No, it’s like estimating how long it takes to dismiss your existence completely based on your total understanding of relative concepts of scales. It took me maybe 1-4 seconds. If I guessed it’s 1 and it’s actually 4, you’re still insignificant and stupid.
Alright, so you were 300% wrong.
When it comes to scale, considering the enormity of Earth’s climate, the existence of every one of us is completely insignificant. Regarding our total understanding of climate change, we are all stupid. That’s actually my point challenging certainty, and you’ve illustrated it perfectly. So, thanks, but you’ve misspelled “Bothred”.
Other than insulting Hottan and trying to establish your superiority over him, just what point are you trying to make, if any?
It’s alright. Uncertainty is a hard truth to cope with, and ad hominem insults are a last resort. I might be able to make urbotheredbecauseurdumb’s argument better. It’s absurd that I should be 200, because people don’t live that long. The effect of volcanoes on the climate could be an order of magnitude more or less without absurdity. Therefore, the scale in my example is awkward that way. Of course, I’d argue that one person living to 200 would be a popular news story yet still quite insignificant. A dull arithmetic error in estimation on a global scale like this is so enormous, in terajoules of solar energy per day affecting everyone, that by comparison if they also estimated I was 200 we could just call that rounding-up.
I’m glad they’re doing this research, correcting errors. I was hard on the press-release writer and whoever they’re appeasing, but it’s hard to say anything against the narrative. Maybe studying any cooling effects could threaten grant funding, so maybe it takes a special courage I don’t understand, but I would like to know how.
“Although the cooling effect of volcanoes is being underestimated in climate projections, the researchers stress that it does not compare with human-generated carbon emissions.”
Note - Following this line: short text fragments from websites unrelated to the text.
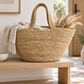 Braided Jute Market Bag – Natural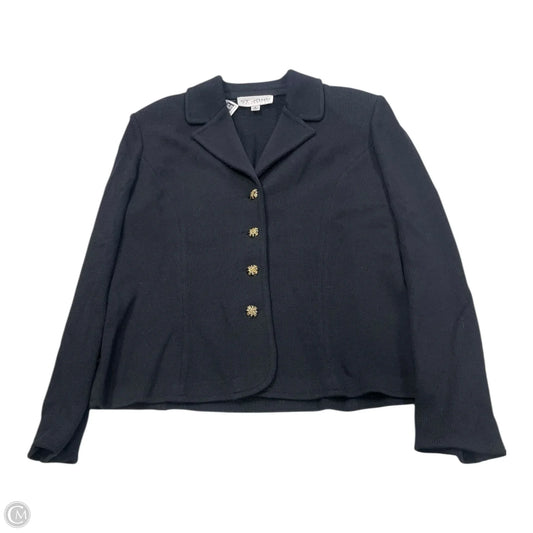 Blazer Luxury Designer By St John Collection In Black, Size: S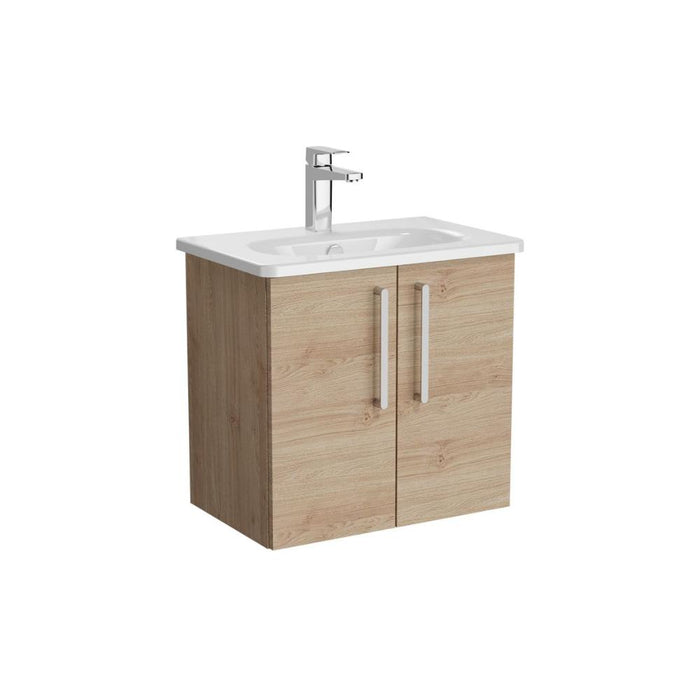 VitrA Zentrum Compact 60cm 2 Door W/H Washbasin Unit - Unbeatable Bathrooms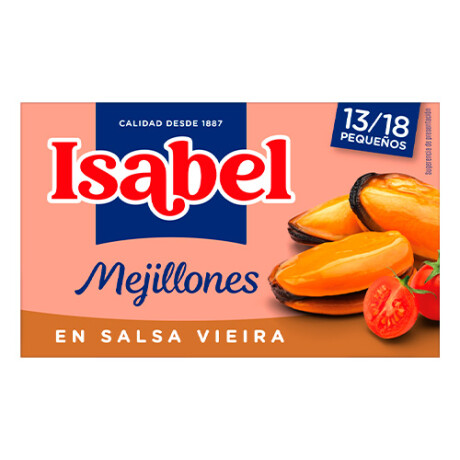 Mejillones en Salsa Vieira Isabel 120 gr 001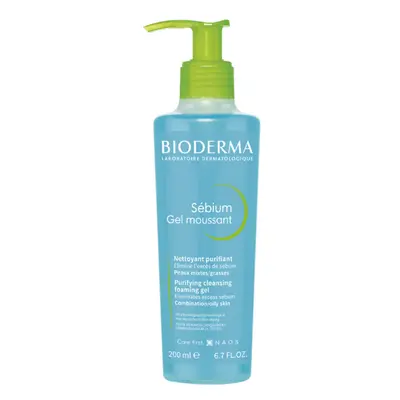 BIODERMA Sébium Gel moussant jemný čisticí gel pro smíšenou a mastnou pleť 200 ml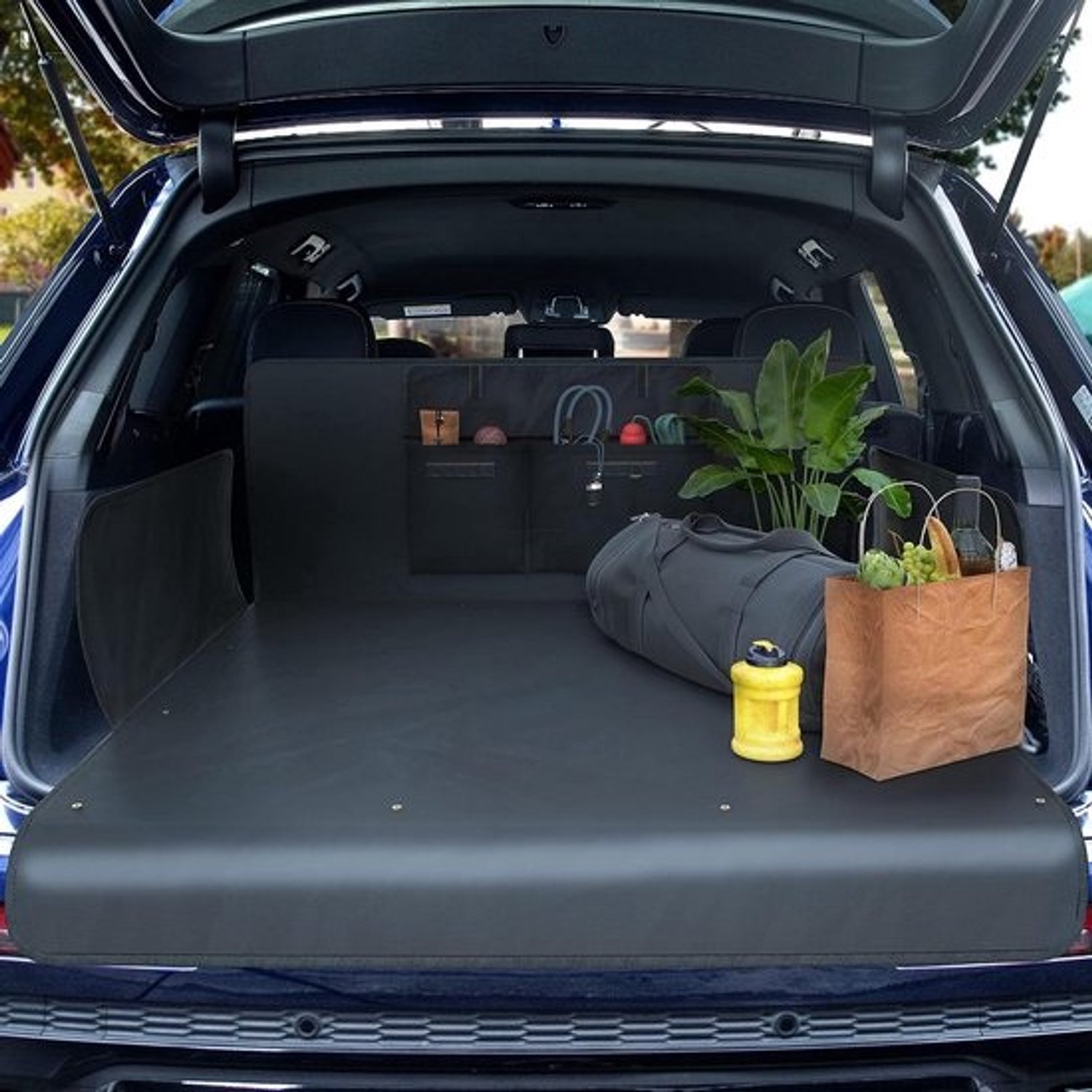Autobeschermhoes - Kofferbakmat voor hond - Reizen met huisdier - Waterdicht Oxford-materiaal - 185x105cm - Zwart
The unstated assumption is that the recent volcanic activity rate will continue at least for as far into the future as projections are being made. That may not be a reasonable assumption. Volcanoes are notoriously episodic, often with long periods of quiescence or dormancy, punctuated with shorter periods of eruptive activity. However, the ends of several geologic epochs are characterized by long, intense volcanic activity. The difference is so great that it has been remarked that civilization, as we know it, would be impossible during one of the more active periods. There is no way to predict when such events might occur. However, for those in the business of modeling climate, they need to either hedge their bets by prefacing their predictions with “assuming volcanic activity continues as it has been in recent years,” and/or widen their uncertainty envelopes. Inasmuch as this article, and another similar one [ https://scitechdaily.com/warming-hiatus-caused-part-small-volcanic-eruptions/?expand_article=1 ], have acknowledged that the impact of even small eruptions are not being characterized properly, and it is known that the Holocene epoch is not representative of past periods of volcanism, modelers do need to formally take these concerns into consideration.
It’s a good point about a major uncertainty. Discovery & BBC did a great documentary-drama in 2005 called Supervolcano. It’s a disaster flick, but in a science-friendly way it visualizes how quickly an eruption can change the climate. A VEI-8 eruption obviously would and for centuries, but the times you mention in the geological record of dramatic vulcanism would change the climate calculus completely. With our technology it’s an impossible variable to project for, so the climate models just go ceteris-paribus assuming it’ll not change in order get any conclusion, even if we know it must change eventually.